LME three-month zinc held steady at $3,565/mt through Friday's session, one of the few base metals to avoid a weekly decline. The resilience is attributed to concentrate market tightness, which is constraining refined output and keeping inventories on a downward trajectory.

Spot treatment charges for zinc concentrate fell to $65/dmt this week, down from $80/dmt at the start of May. The squeeze reflects declining mine output from key sources: Glencore's Lady Loretta mine in Australia is ramping down, and several Peruvian operations faced output disruptions from labor actions.

The TC compression is hitting Chinese and Korean smelters hardest. Korea Zinc, the world's largest zinc smelter, announced a 5% run-rate reduction for Q3, citing concentrate availability. Chinese smelters are paying spot TC rates below their breakeven of approximately $70/dmt, putting margins under pressure.
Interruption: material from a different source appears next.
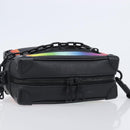 LOUIS VUITTON Taiga Rainbow Mini Soft Trunk Bag Black M30351 LV Auth 203152M-6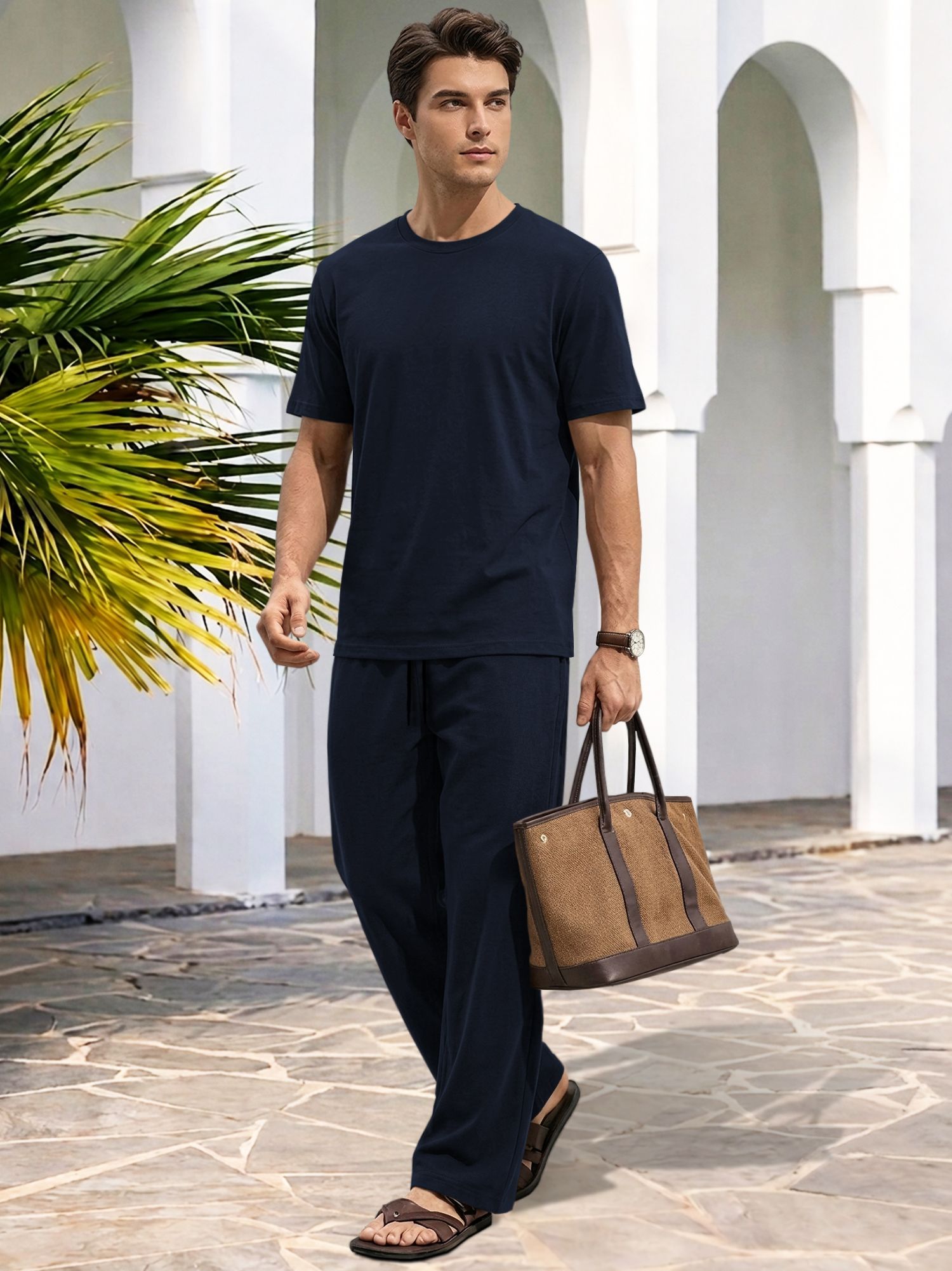 tripr Solid Men Track Suit-picture-41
LME zinc inventories fell 1.2% on the week to 218,000 tonnes, reversing three weeks of modest builds. Canceled warrants rose to 22% of total, signaling that material is being earmarked for physical delivery. The largest draws were in New Orleans and Antwerp.

What this means for buyers

Zinc's supply-side tightness provides a floor near $3,500. Buyers should use dips to $3,450-3,500 as buying opportunities for Q3 coverage. The concentrate squeeze takes 2-3 months to impact refined output, so the tightness is likely to persist into September.